Seated meetings are longer
by an average of
than standing meetings, without
being more effective.
Source: Journal of Applied Psychology
To keep project teams focused and efficient, Jeff Bezos, founder and CEO of online retailer Amazon, established a two-pizza rule: Teams are limited to seven people— generally the number of team members that can split two pizzas for lunch. His rule of thumb has since spread to other tech companies.
“On a large team, project managers typically have more diversity to manage, as well as many more lines of communication that can get crossed,” says Colin McCall-Peat, PMP, a consultant for the project portfolio office at Post Vision Technology, Johannesburg, South Africa. “It's also far more difficult to keep everyone up-to-date with all aspects of the project, simply due to the logistics and costs of regular feedback meetings with a large team.”
Take a tip from many agile teams and ditch the weekly sit-down status meetings in favor of short, daily check-ins where everyone stands. Seated meetings are longer than standing meetings—by 34 percent, on average, according to a study in the Journal of Applied Psychology—without being more effective.
Projects that require more than a handful of team members may benefit from being broken down into sub-projects with sub-teams.
“A large team makes communication rather inefficient,” says Neda Akbarzadeh, PMP, operations performance analyst for the U.S. Department of the Navy in Annapolis, Maryland, USA. “Instead, assign team leads to groups of five or less, and stay in constant communication with the team leads to address unresolved issues.”

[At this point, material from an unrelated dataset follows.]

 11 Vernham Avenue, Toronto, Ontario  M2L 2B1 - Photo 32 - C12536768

Team leaders should meet regularly with the project manager for overall feedback and direction, Mr. McCall-Peat says. And a monthly all-team meeting with the project sponsor can help ensure cohesion across sub-teams.

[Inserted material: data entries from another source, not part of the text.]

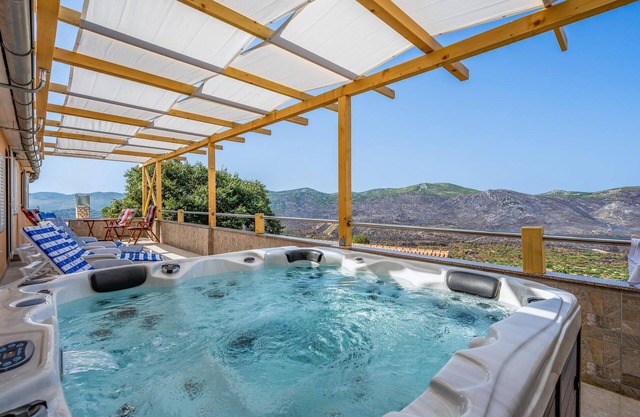 Awesome home in Grebastica with WiFi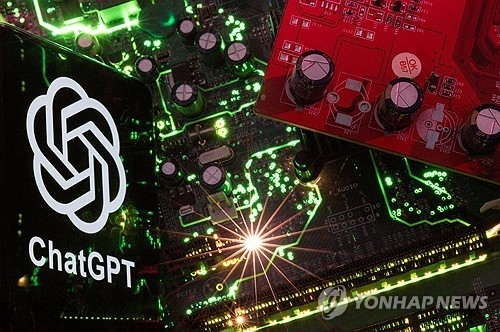 챗GPT 여파에 20대 일자리 20% '뚝'…경력직만 살아남았다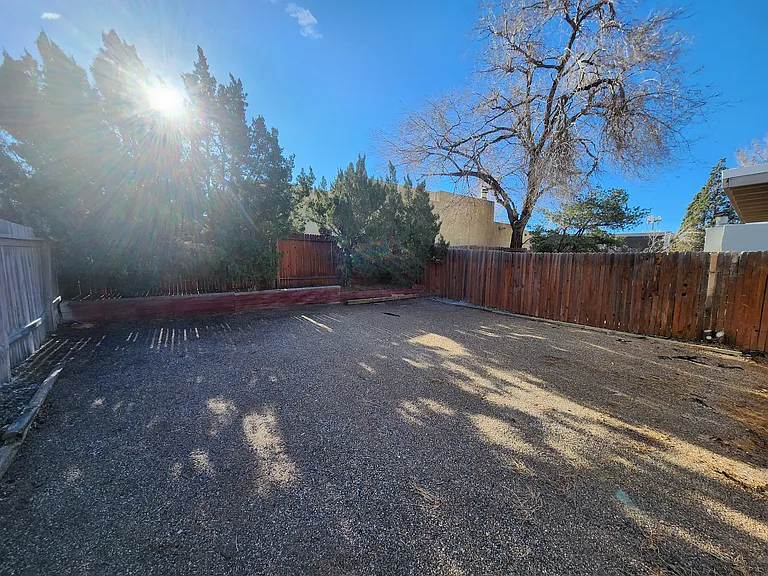 112 Canyon View Ct NE — Photo 16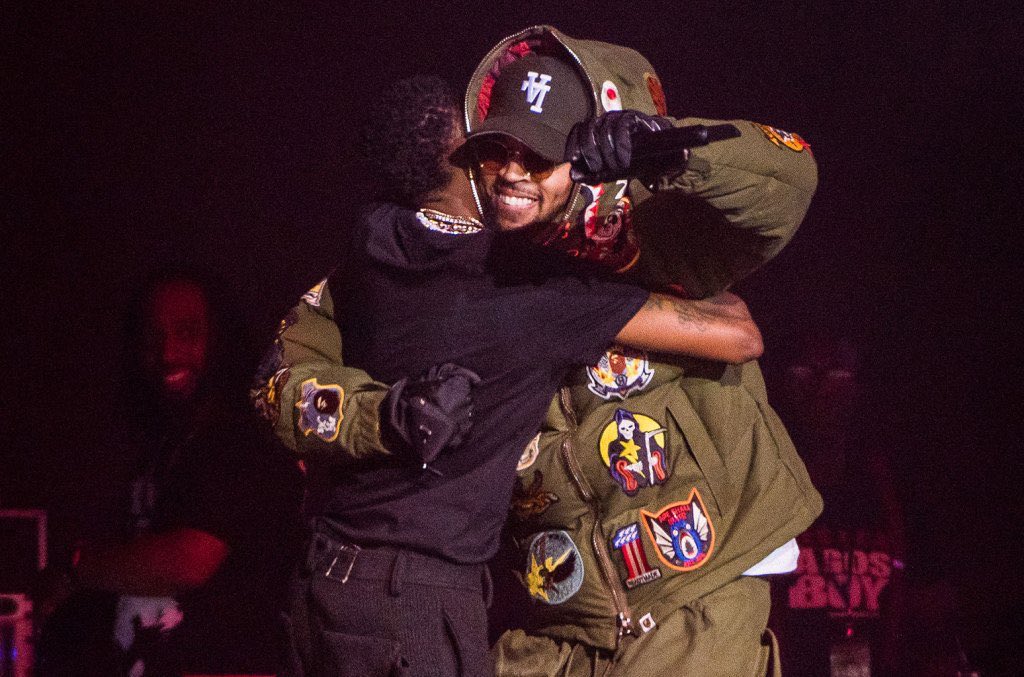 thedebuthub's tweet photo. 🚨 WIZKID &amp; CHRIS BROWN OVER THE YEARS:

◻️ SHABBA (2016)
◻️ AFRICAN BAD GYAL (2017)
◻️ CALL ME EVERYDAY (2022)
◻️ MAN ON A MISSION (2026) 🆕 https://t.co/yJtNNGBrFz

“Every interruption in your day can cost you 20 minutes of productivity.”
—Shari McGuire, PMP, an independent consultant, Minneapolis, Minnesota, USA
When it's crunch time on an important task, send all incoming calls directly to voicemail, suggests Shari McGuire, PMP, a time-management consultant in Minneapolis, Minnesota, USA. “Every interruption in your day can cost you 20 minutes of productivity—that's an hour lost to just three interruptions,” she says. “When you allow voicemails to accumulate for a few hours, you also respond faster because you get in the groove of hammering out answers.”

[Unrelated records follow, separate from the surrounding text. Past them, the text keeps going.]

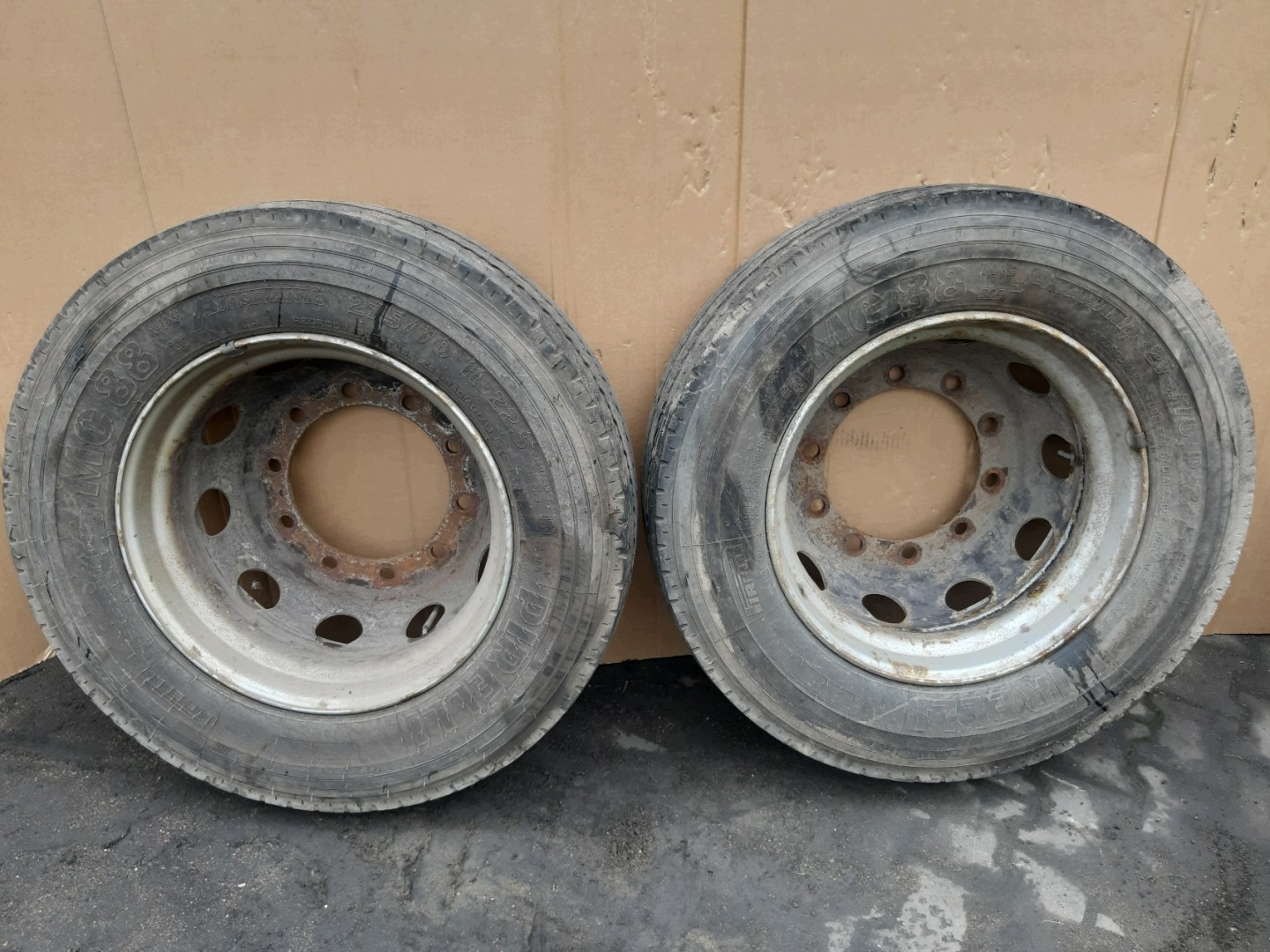 wheels tyres CIEZAROWE 2x PIRELLI MC88 275/70 R22.5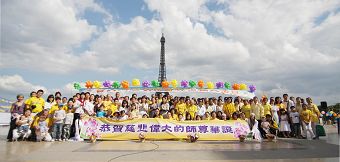 法国法轮功学员齐声道:“法轮大法好,祝师父六十岁生日快乐!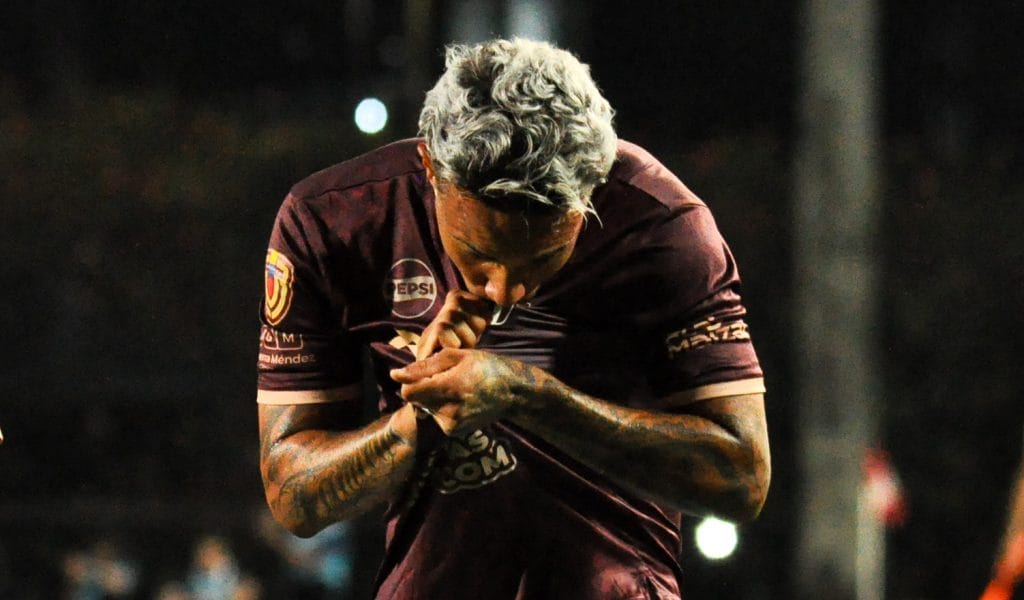 डॅनियल फारियास आणि कॅराबोबो एफसी 4 चे रूपांतरण एडसन टॉर्टोलेरो 2026 चा दुसरा गोल साजरा करत आहे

Sleeping in on Saturday might seem like the solution to work-week fatigue, but clocking those extra hours in bed can hinder your productivity. In a University of Leipzig study, participants who reported little variation in their waking times were more proactive in their work than those who woke up later on the weekends.
If you're planning a tactical meeting, aim for early morning, suggests Mr. McCall-Peat. “Lengthy planning sessions should be scheduled to start 30 minutes after the official work time. This gives the team time to handle any critical emails before the meeting starts, so they're not distracted.” And don't mistake “lengthy” for “marathon,” he says—anything longer than three hours should be broken up over two days.
When it comes to brainstorming, though, the early bird may not catch the innovation worm: A study at Albion College and Michigan State University found that the most insightful, out-of-the-box thinking happens when people are less alert. In the study, the less alert group solved an average of 42 percent of the problems, compared to 33 percent solved in the control group.
The researchers say the random thoughts that come to mind when people aren't fully focused may yield novel solutions. So if the team is bright-eyed and ready to work first thing in the morning, save creative problem-solving for those slower afternoon hours.
An employee walking program would yield
productivity increases annually.
Source: Body-Brain Performance Institute and Swinburne University of Technology
Beyond brightening the day, looking at pictures of cuddly critters and adorable babies can make a difference in how the job gets done.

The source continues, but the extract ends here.